EXERCISE
Within the records that follow, restate exactly the lines from the line with "Macks Maximum Protection" down to the line with "KT2 7LZ map", including both. Omit the pictures.

DATA TO USE
+-------+
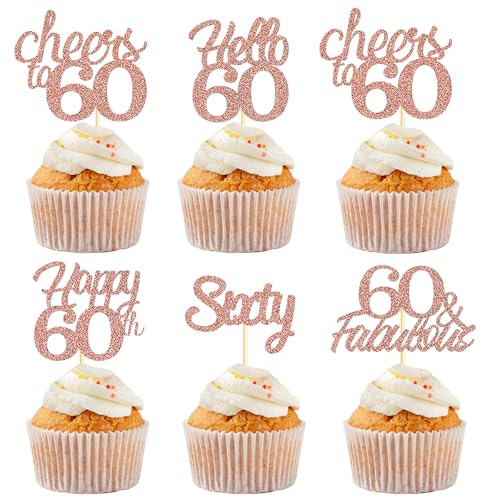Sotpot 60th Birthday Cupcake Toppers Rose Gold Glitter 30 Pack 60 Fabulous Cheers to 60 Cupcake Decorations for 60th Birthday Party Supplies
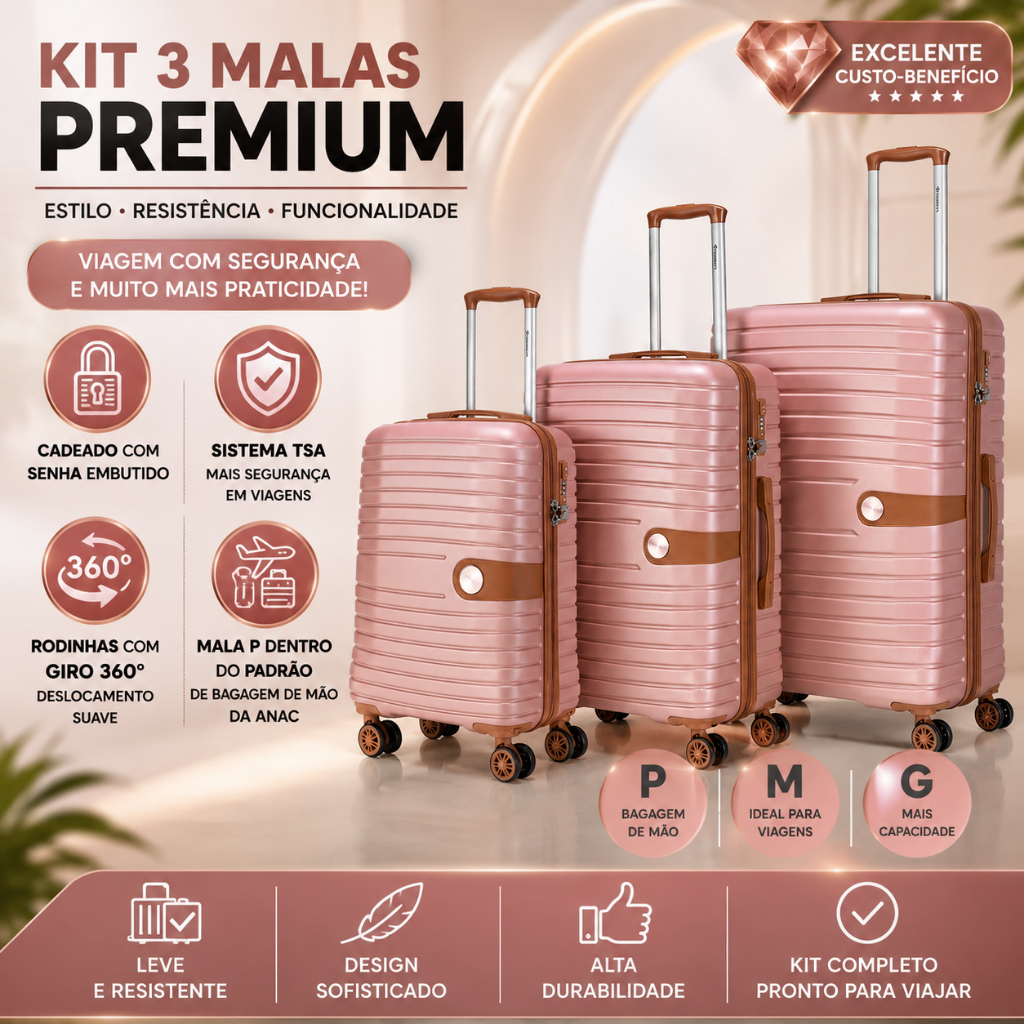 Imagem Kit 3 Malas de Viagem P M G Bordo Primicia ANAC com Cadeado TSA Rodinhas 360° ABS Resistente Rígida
+-------+
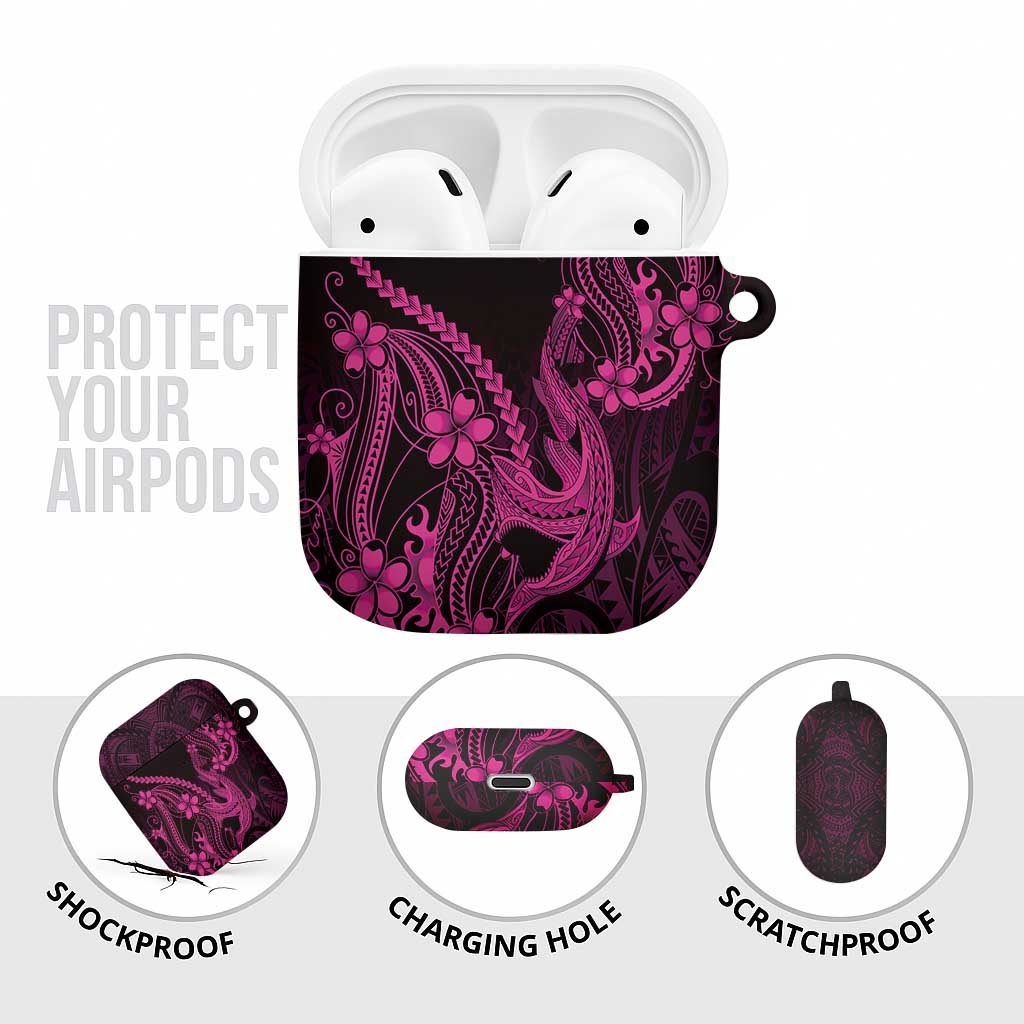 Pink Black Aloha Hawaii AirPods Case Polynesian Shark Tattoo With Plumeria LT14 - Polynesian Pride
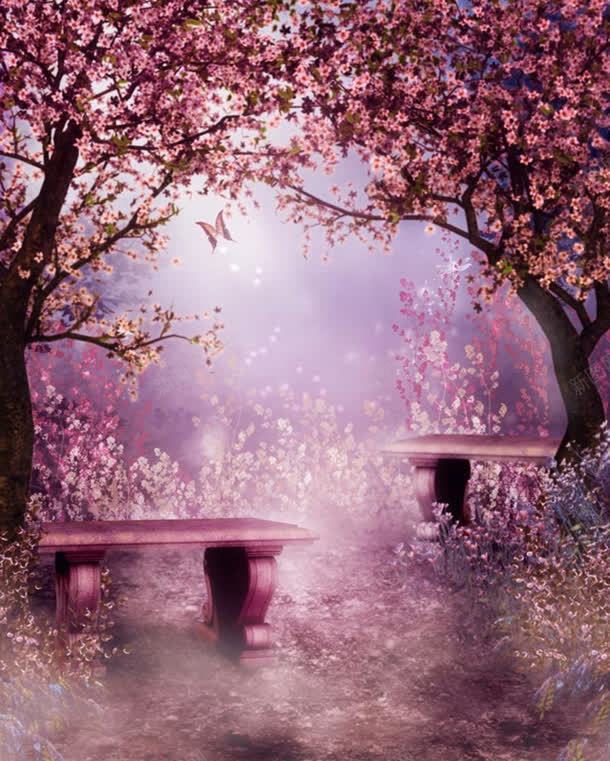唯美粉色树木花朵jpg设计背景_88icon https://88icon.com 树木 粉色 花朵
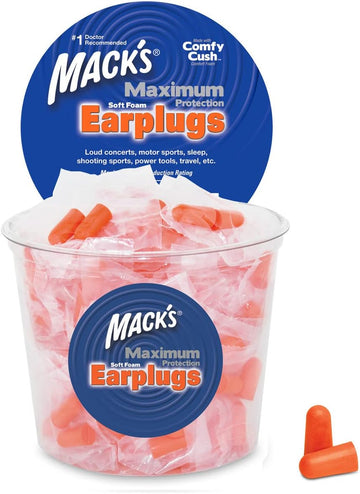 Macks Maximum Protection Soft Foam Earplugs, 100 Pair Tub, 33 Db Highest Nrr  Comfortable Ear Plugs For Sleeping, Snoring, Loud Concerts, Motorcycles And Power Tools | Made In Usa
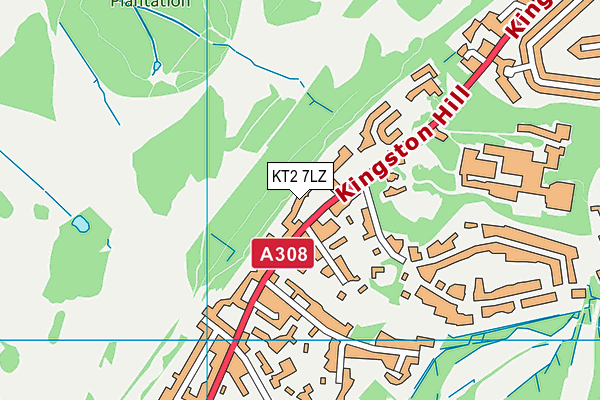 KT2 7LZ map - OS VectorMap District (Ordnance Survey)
+-------+
TASK OUTPUT
 Macks Maximum Protection Soft Foam Earplugs, 100 Pair Tub, 33 Db Highest Nrr  Comfortable Ear Plugs For Sleeping, Snoring, Loud Concerts, Motorcycles And Power Tools | Made In Usa
 KT2 7LZ map - OS VectorMap District (Ordnance Survey)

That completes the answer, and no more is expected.